**Data**
####################
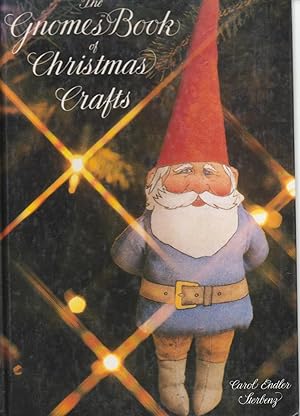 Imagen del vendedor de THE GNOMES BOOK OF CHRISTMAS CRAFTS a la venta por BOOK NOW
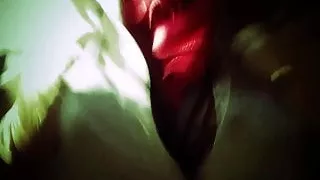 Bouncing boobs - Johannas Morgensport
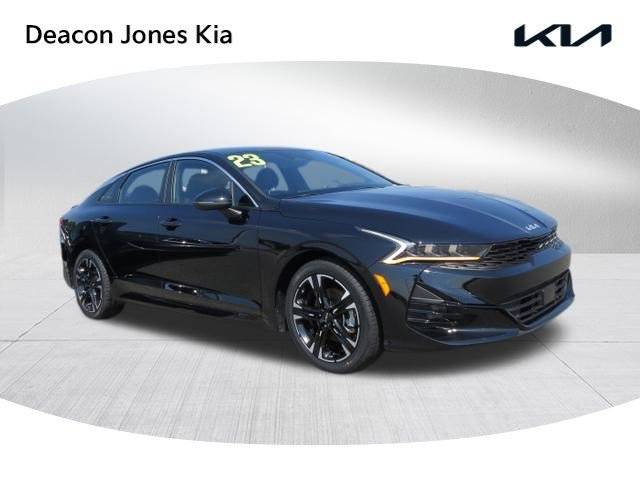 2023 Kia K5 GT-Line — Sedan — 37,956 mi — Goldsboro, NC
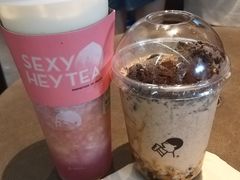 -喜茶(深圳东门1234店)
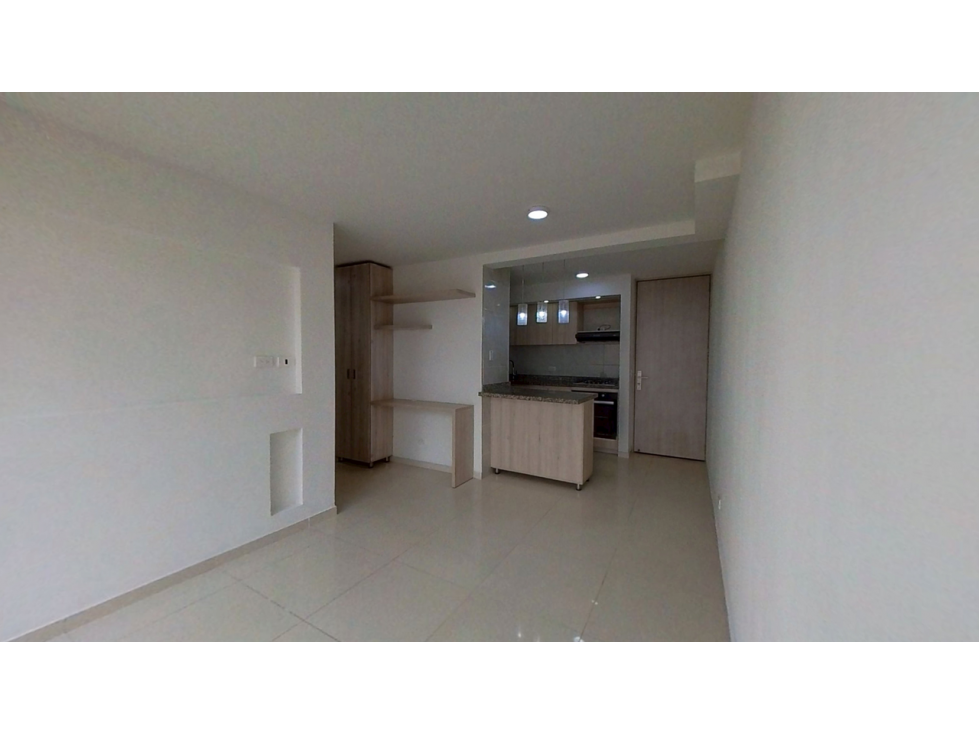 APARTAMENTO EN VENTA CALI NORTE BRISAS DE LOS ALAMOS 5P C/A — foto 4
####################
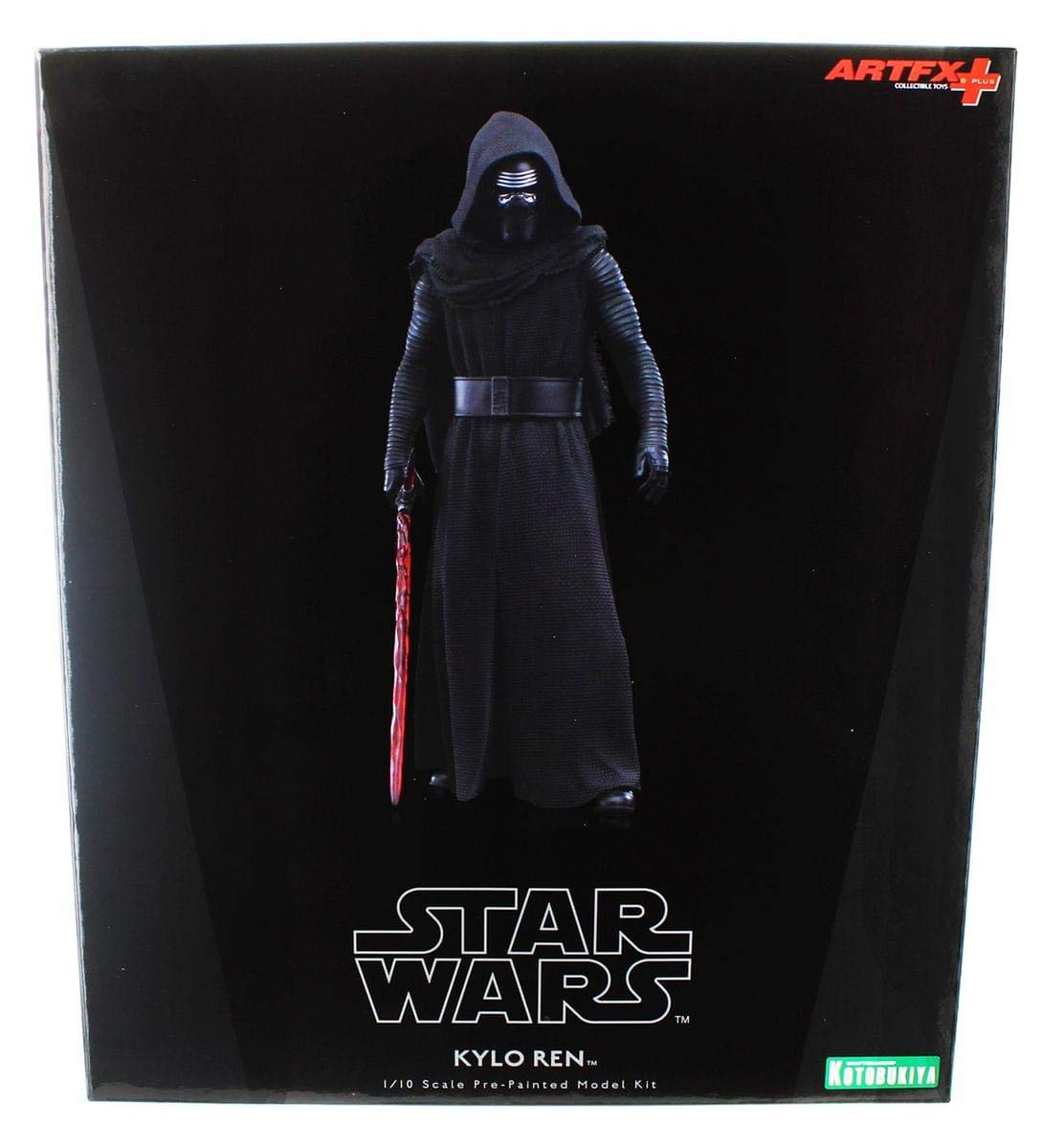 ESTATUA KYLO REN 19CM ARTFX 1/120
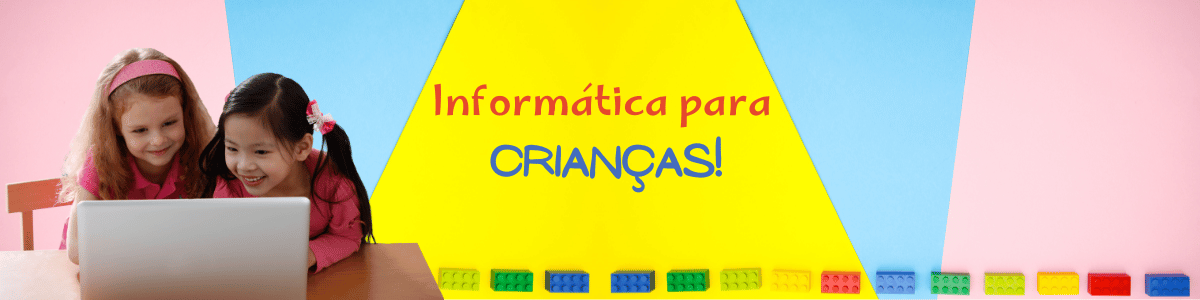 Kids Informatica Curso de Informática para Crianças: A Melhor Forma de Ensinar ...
####################
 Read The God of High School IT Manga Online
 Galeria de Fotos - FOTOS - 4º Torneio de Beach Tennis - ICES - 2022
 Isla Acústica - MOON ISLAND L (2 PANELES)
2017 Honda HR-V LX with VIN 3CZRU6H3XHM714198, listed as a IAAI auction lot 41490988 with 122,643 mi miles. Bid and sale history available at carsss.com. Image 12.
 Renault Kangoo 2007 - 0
####################
**What is expected**
The output is the stretch above from the line with "Bouncing boobs - Johannas Morgensport" through the line with "APARTAMENTO EN VENTA", copied word for word with both ends kept and every picture dropped.

**Exercise result**
 Bouncing boobs - Johannas Morgensport
 2023 Kia K5 GT-Line — Sedan — 37,956 mi — Goldsboro, NC
 -喜茶(深圳东门1234店)
 APARTAMENTO EN VENTA CALI NORTE BRISAS DE LOS ALAMOS 5P C/A — foto 4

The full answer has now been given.